But of course, the university had taken specific steps to (as Eisgruber told us) “recount its history, including Wilson’s racism, more honestly.” So what’s changed between then and now?

Similar questions arise from Eisgruber’s associated contention that “When a university names its public policy school for a political leader, it inevitably offers the honoree as a role model for its students. However grand some of Wilson’s achievements may have been, his racism disqualifies him from that role.”

If so, however, why keep Wilson’s name on one of its residential colleges and on it’s “highest award for undergraduate alumni”? (As Eisgruber calls the Woodrow Wilson Prize. Unless that, too, has changed? Eisgruber didn’t specify.)

Finally, why have Eisgruber and the Board stopped with Wilson? The university also still honors the slave-owning (and pretty consistent slavery supporter) Founding Father and former President of the United States James Madison in at least two ways: a scholarly program called the James Madison Society, and a dining option called “Madison Society”. What the heck is so special about him? Why not kick this racist SOB’s name off the campus, too? 

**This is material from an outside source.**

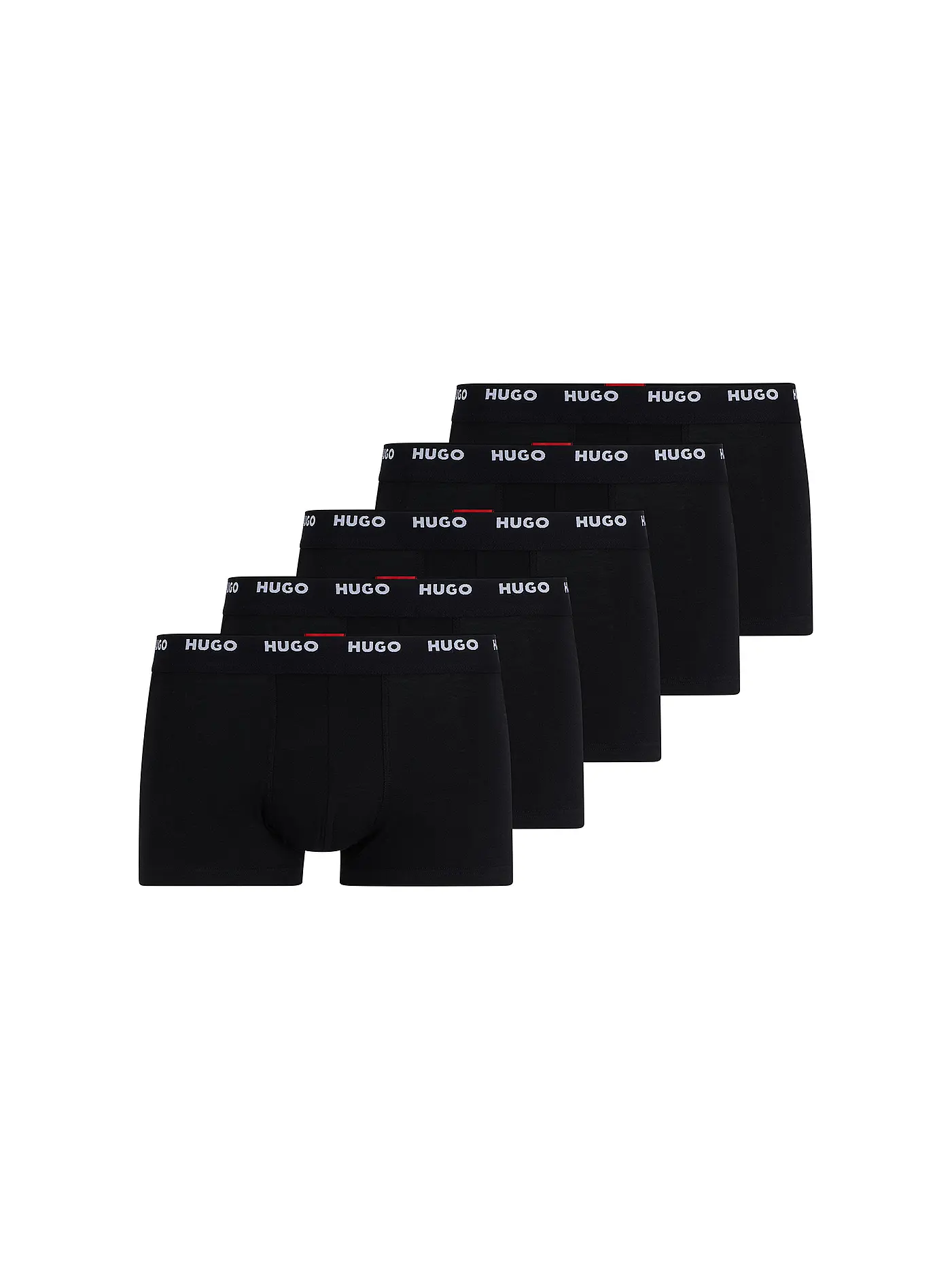 HUGO | Pants 5er Pkg open miscellaneous | schwarz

Nothing could be clearer than that Eisgruber has no rational answers to these questions – and may not have even asked them. In fact, the only intellectually honest or competent sentence in his entire article is his confession that “I do not pretend to know how to evaluate [Wilson’s] life or his staggering combination of achievement and failure.”

In other words, Princeton’s decision stands as a monument – to ignorance. And you can probably throw in intellectual cowardice and faddism as well.